La figura del santo di Assisi, in questi giorni bui della guerra che pervade sempre più non solo i luoghi geografici ma anche le nostre menti, è luminosa testimonianza e appello di pace.
Non è una pace idilliaca e astratto, quella di Francesco: egli conosceva la violenza e la brutalità della guerra, delle crociate, delle lotte intestine tra villaggi, signorie e contrade. Nei litigiosi comuni medievali infatti si consumavano di continuo sanguinose guerre e faide; lo stesso Francesco ventenne avevo partecipato, come ricordiamo, alla disastrosa battaglia di Collestrada in cui gli assisani furono sconfitti dai perugini, e venne rinchiuso per quasi un anno nelle durissime prigioni di quella città.… lì iniziò il suo cammino di conversione…
E iniziò anche a prendere forma la sua visione concreta, impegnativa, reale e radicata in Dio della pace tra gli uomini che, come dice il Vangelo, è beatitudine degli “operatori di pace“. Ecco qualche episodio dalla sua vita.
Francesco, saputo di un aspro dissidio fra il vescovo e il podestà, si adoperò per aggiungere una strofa al Cantico di frate Sole: «Laudato si, mi’ Signore, per quelli ke perdonano per lo tuo amore e sostengono infirmitate e tribulatione. Beati quelli kel’l sosterrano en pace, ka da te, Altissimo, saranno coronati». Invitò il vescovo e il podestà, e tutti i cittadini a radunarsi nel chiostro del palazzo episcopale e vi mandò i suoi frati a cantare il Cantico, completato dalla nuova strofa della pace e del perdono.
Al termine il podestà, in lacrime, gettandosi ai piedi del vescovo, disse: «Per amore del Signore nostro Gesù Cristo e del suo servo Francesco, eccomi pronto a soddisfarvi del tutto, come a voi piacerà». A sua volta il vescovo riconobbe pubblicamente di essere portato all’ira, si accusò di mancanza di umiltà e chiese perdono. «E così i due si abbracciarono e baciarono con molta cordialità ed affetto».
La pace di Francesco si basava, prima che su un accordo politico, su un rivolgimento interiore, sul riconoscere i propri torti e aprirsi verso il prossimo.
«Il Signore mi rivelò che dicessi questo saluto: Il Signore ti dia pace», così scrive Francesco nel Testamento. Egli esorta i suoi frati a portare a tutti questo saluto come annuncio e benedizione.
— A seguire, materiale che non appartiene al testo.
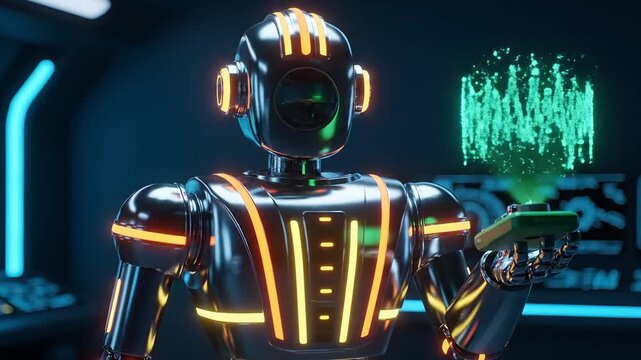 Cutting-edge Artificial Intelligence Bot displays complex data visualization and auditory analysis via holographic interface, maximizing productivity and scientific innovation in future labs.
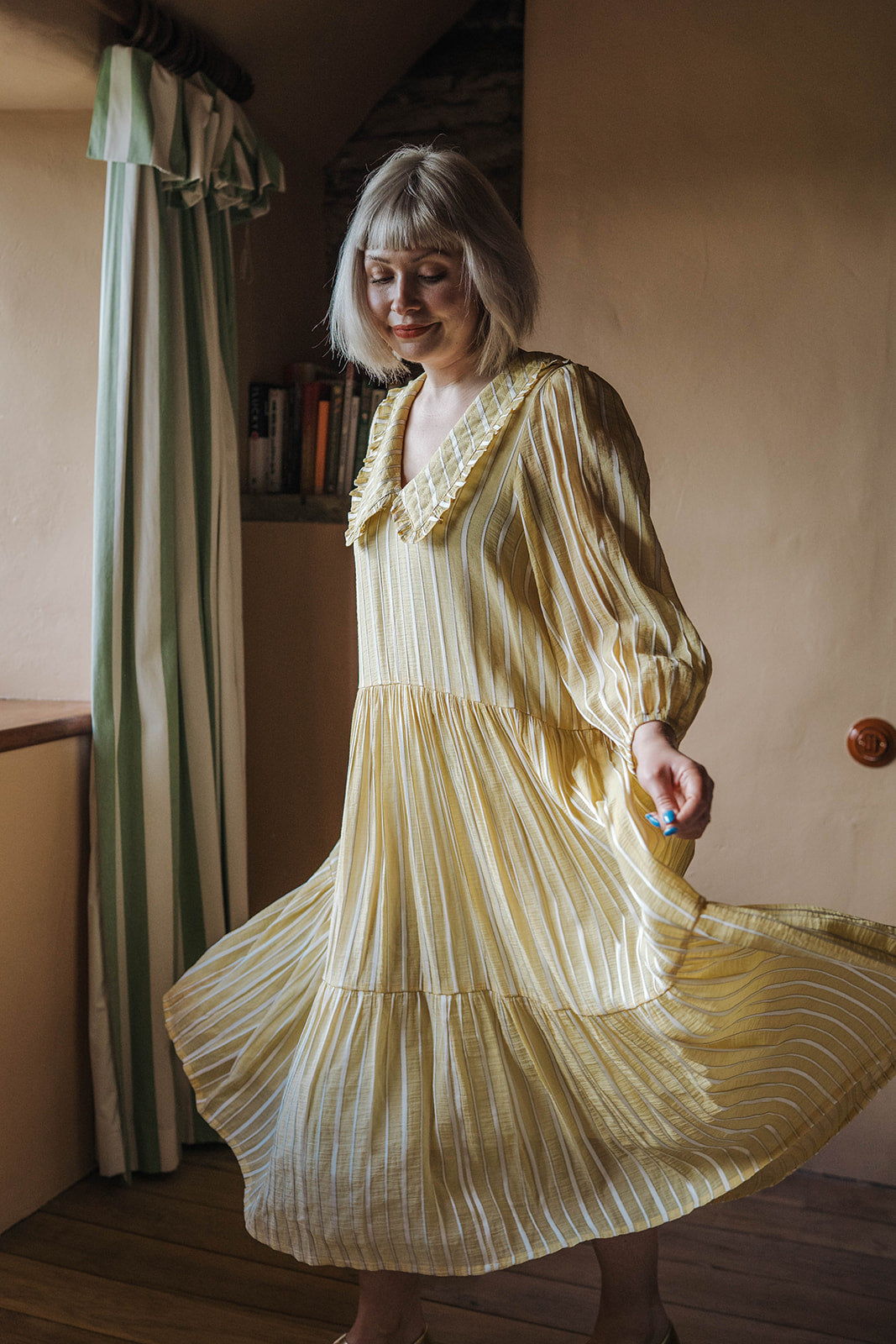 Stella Nova Yellow Maxi Stripe Dress worn on model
Tommaso da Celano riferisce: «In ogni suo sermone, prima di comunicare la parola di Dio al popolo, augurava la pace. In questo modo otteneva spesso, con la grazia del Signore, di indurre i nemici della pace e della propria salvezza, a diventare essi stessi figli della pace e desiderosi della salvezza eterna».
L’annuncio evangelico alla conversione si coniuga con l’invito alla pace che nasce dall’umiltà e dall’unione con Dio: «La pace che annunziate con la bocca, abbiatela ancor più copiosa nei vostri cuori. Non provocate nessuno all’ira o allo scandalo, ma tutti siano attirati alla pace, alla bontà, alla concordia dalla vostra mitezza. Questa è la nostra vocazione: curare le ferite, fasciare le fratture, richiamare gli smarriti».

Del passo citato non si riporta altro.